A Delegacia da Polícia do bairro Forquilhinha, em São José, na Grande Florianópolis, está com o pátio lotado de carros recuperados
de furtos e roubos. Muitos veículos estão com vidros quebrados. Outros, só têm a carcaça.
Denúncia
No local, é possível encontrar muito lixo e também água acumulada. O morador Sidney Borba denunciou o risco à Prefeitura de São
José. "Quem tem que dar o exemplo é o governo", afirmou.
A Vigilância Epidemiológica disse que essa não foi a única
denuncia. Desde o início do ano, recebeu várias reclamações de moradores do entorno da delegacia. O local já estava mapeado como ponto de alerta e recebe
visita de agentes de endemia a cada 14 dias.
"Eles fazem inspeção nas sucatas de carro onde existe água parada e, no caso de existência de
larvas de mosquito, elas são coletadas, trazidas para o nosso laboratório", afirmou o coordenador do programa de combate a endemias, Ademar Rosa.
Até agora, nenhuma das larvas encontradas era do Aedes aegypti. Mesmo assim, a Vigilância solicitou à Delegacia que os carros sejam retirados do local até 13 de
abril. O delegado regional de São José, Fabiano da Rocha, admitiu o problema.
"Esta semana ainda, aqueles veículos que estão queimados,
batidos, onde há uma possibilidade maior dos focos de dengue pelo fato da água da chuva ficar parada, serão retirados e encaminhados ao complexo da SSP [Secretaria de
Segurança Pública]", afirmou o delegado.
Problema no estado
O problema se repete pelo estado. Em Joinville, no
Norte, o pátio da Central de Polícia é considerado foco do Aedes aegypti. A Vigilância Ambiental disse que faz vistorias frequentes, mas, cada vez que chove, o
risco volta. Nesta segunda, a Vigilância se reuniu com o delegado, que prometeu tomar as medidas necessárias.
E o risco não está só
nas delegacias. Em Chapecó, no Oeste, os veículos apreendidos pela polícia se acumulam no pátio de uma empresa terceirizada. Os carros mais velhos são
perfurados para não acumular água, mas. ainda assim, há risco. Por isso, a empresa disse que todo mês faz pulverizações no local. Além disso,
há a fiscalização dos agentes de endemias.

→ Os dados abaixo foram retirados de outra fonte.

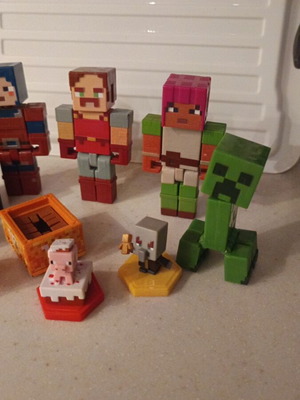 Minecraft figures like new, pack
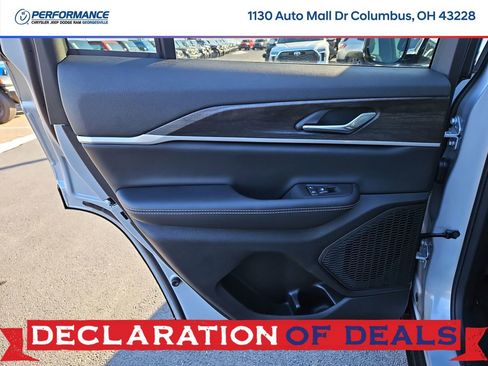 New 2026 Jeep Grand Cherokee Altitude image 14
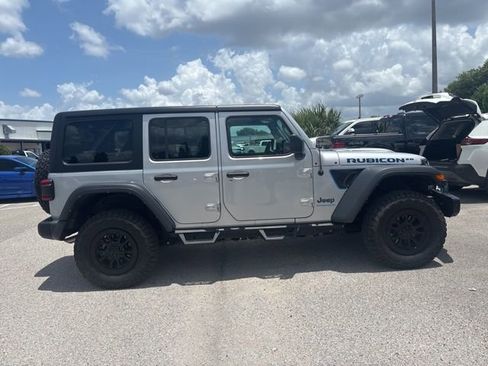 Used 2023 Jeep Wrangler Unlimited Rubicon 4xe AWD/4WD image 4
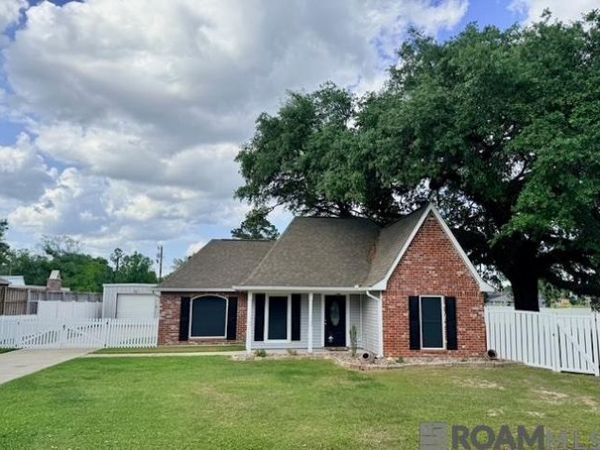 7903 Oakland Dr, Denham Springs, LA 70706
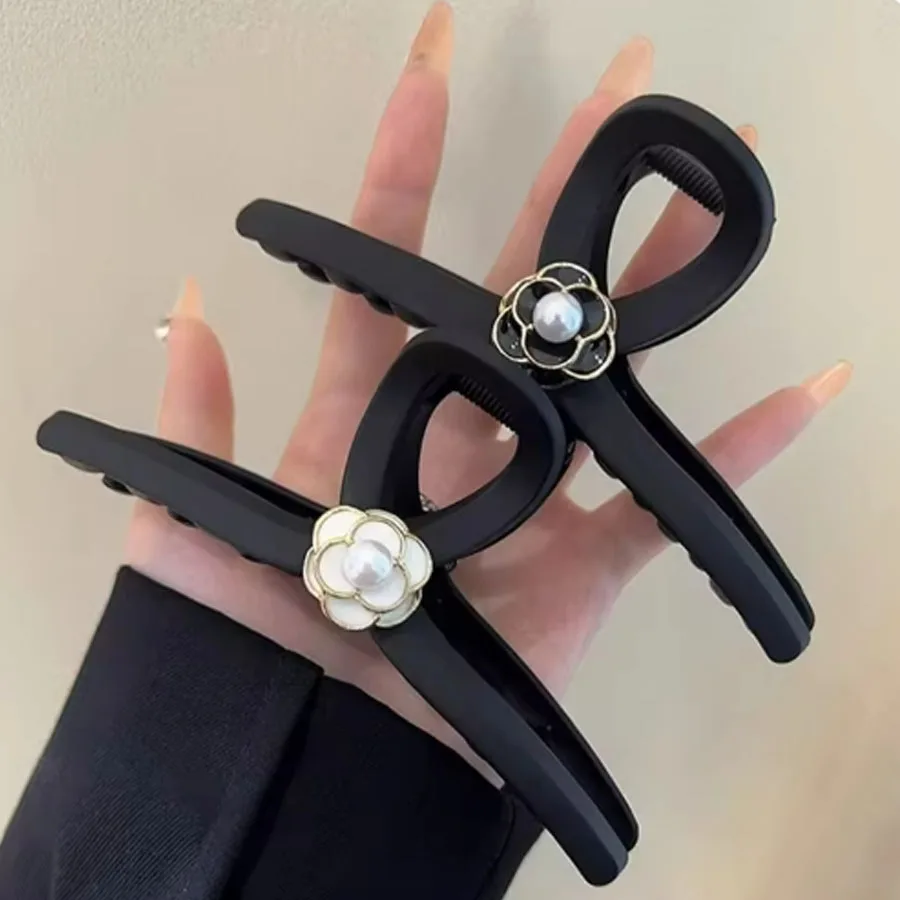 1pcs  Matte Floral Grab Clip, Large Elegant French Hair Clip For Back Head Updo, Premium Non-slip Shark Hair Grip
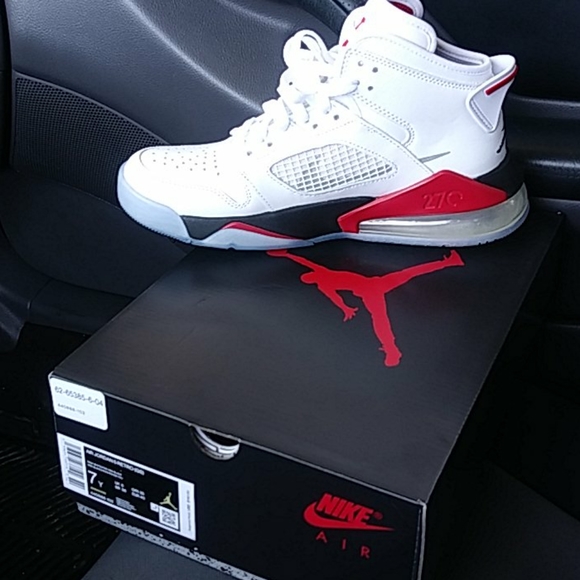 jordan retro tennis shoes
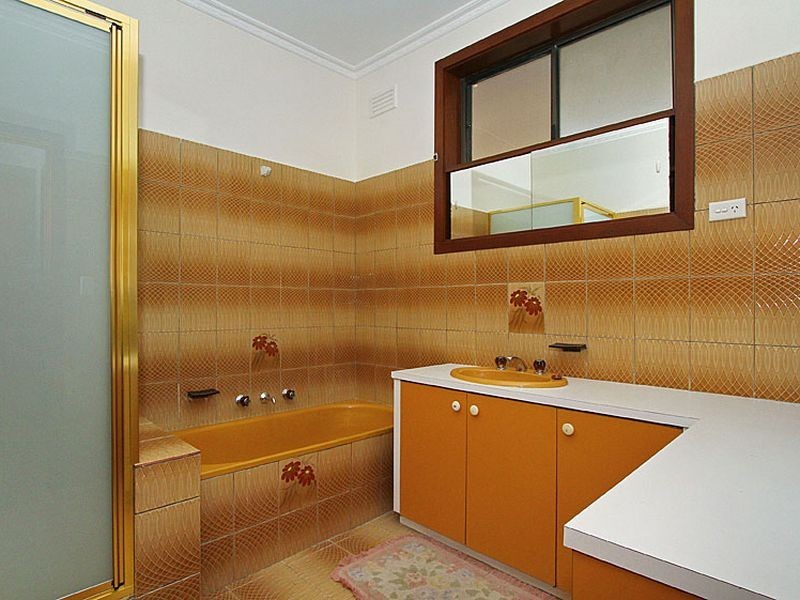 2 Springfield Court, Mill Park VIC 3082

No pátio da Polícia Rodoviária de Içara, no Sul, foram encontrados
três focos do Aedes aegypti neste ano. A Vigilância Sanitária já notificou o Departamento Estadual de Infraestrutura (Deinfra) duas vezes, a última em
fevereiro. O órgão tinha o prazo de um mês para cobrir os carros ou tirá-los do local, mas nenhuma das duas coisas foi feita.